> _PROBLEM TO SOLVE_: Return nothing but the lines from the one containing "ASOS DESIGN - Black" through the end of the records below, exactly as they stand and without pictures.

(Beginning of GIVEN INFORMATION)

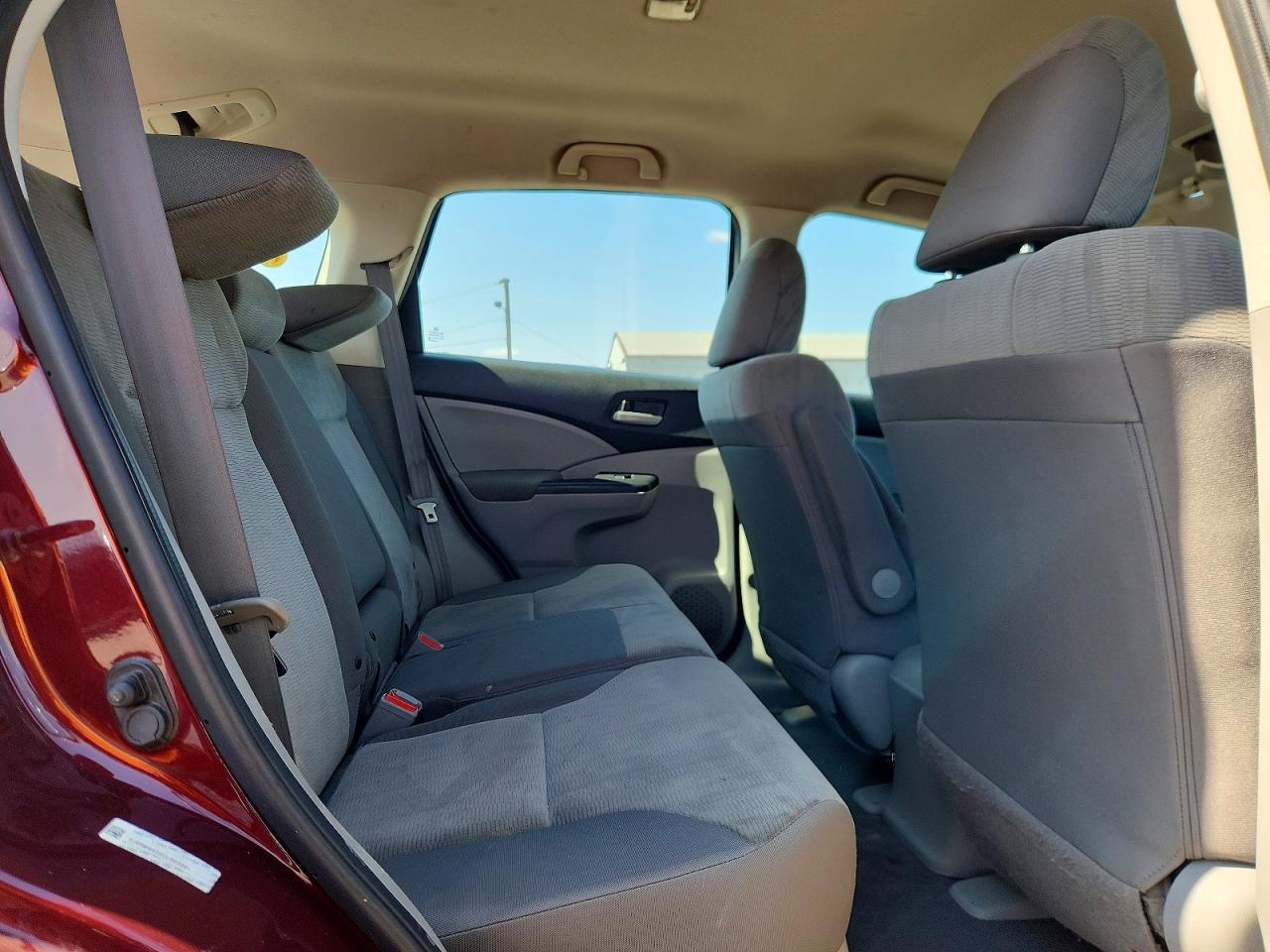 2012 HONDA CR-V LX photo 21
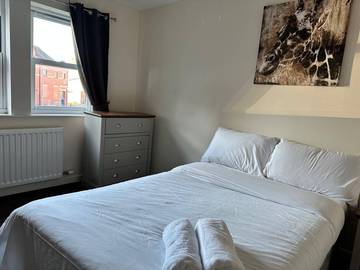 Holiday Rental for 14 People in Barrow-in-Furness, Cumbria, Photo 3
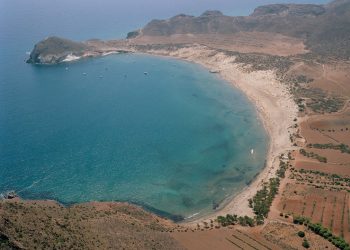 El Gobierno PP-Cs declara «viable» la construcción de un hotel de 4 estrellas en «Los Genoveses», en el parque natural de Cabo de Gata-Níjar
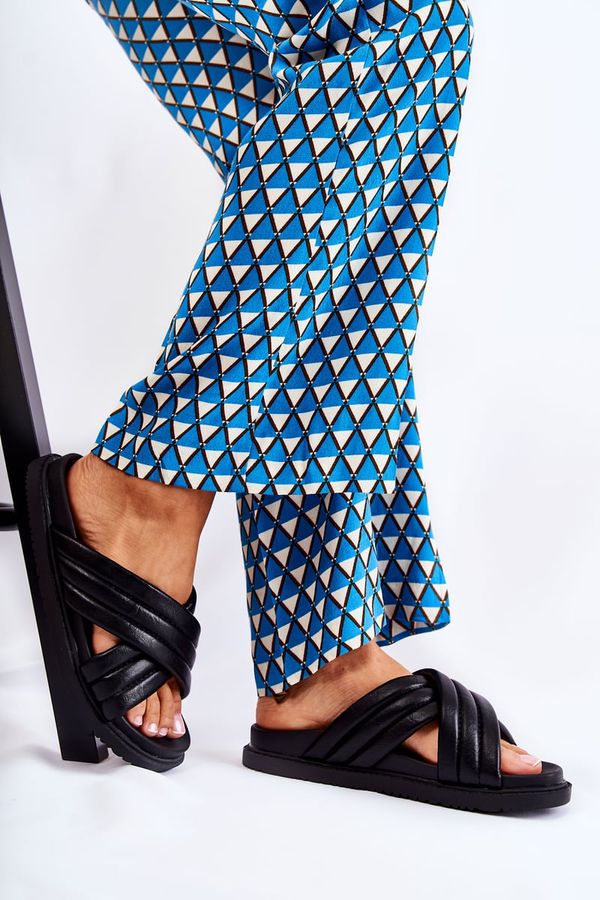 Kesi Classic women's leather slippers Black Daron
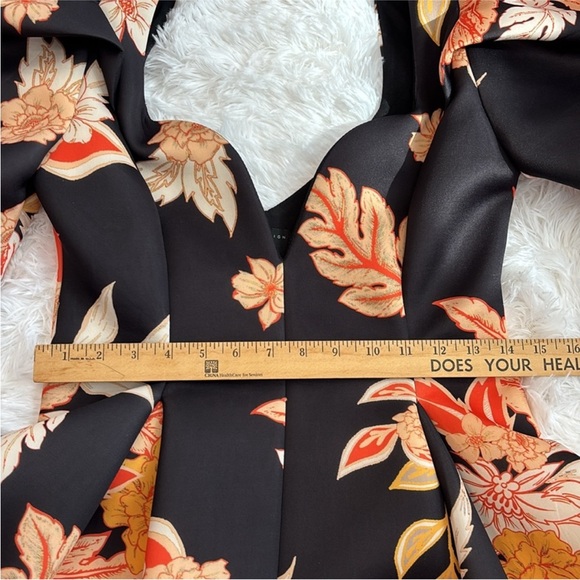 ASOS DESIGN - Black Mini Dress with Orange/Cream Flowers Size 8 - Picture 10 of 11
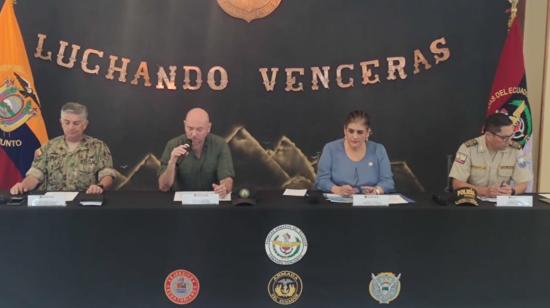 Los ministros de Interior, Mónica Palencia; y de Defensa, Gian Carlo Loffredo; en una rueda de prensa en Manabí el 24 de junio de 2024. 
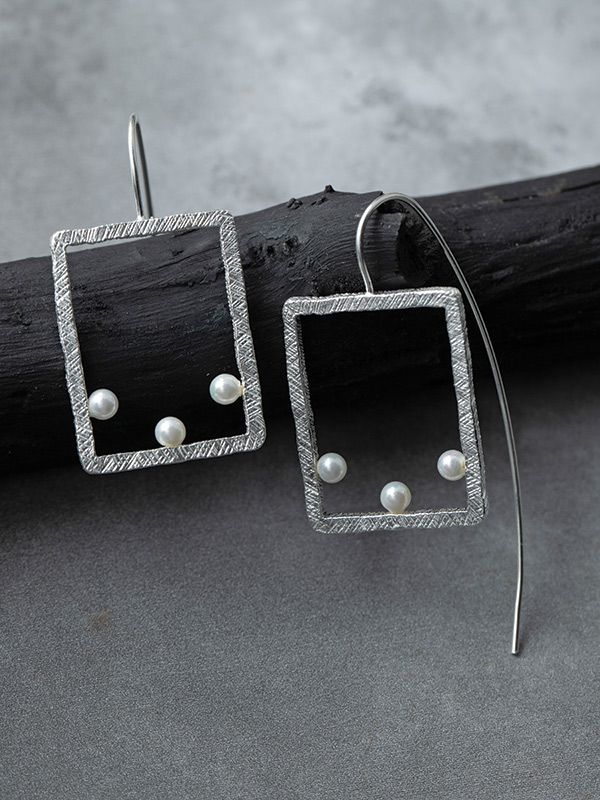 Peeking Earrings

(End of GIVEN INFORMATION)

> _ANSWER FOR THIS EXERCISE_:
 ASOS DESIGN - Black Mini Dress with Orange/Cream Flowers Size 8 - Picture 10 of 11
 Los ministros de Interior, Mónica Palencia; y de Defensa, Gian Carlo Loffredo; en una rueda de prensa en Manabí el 24 de junio de 2024. 
 Peeking Earrings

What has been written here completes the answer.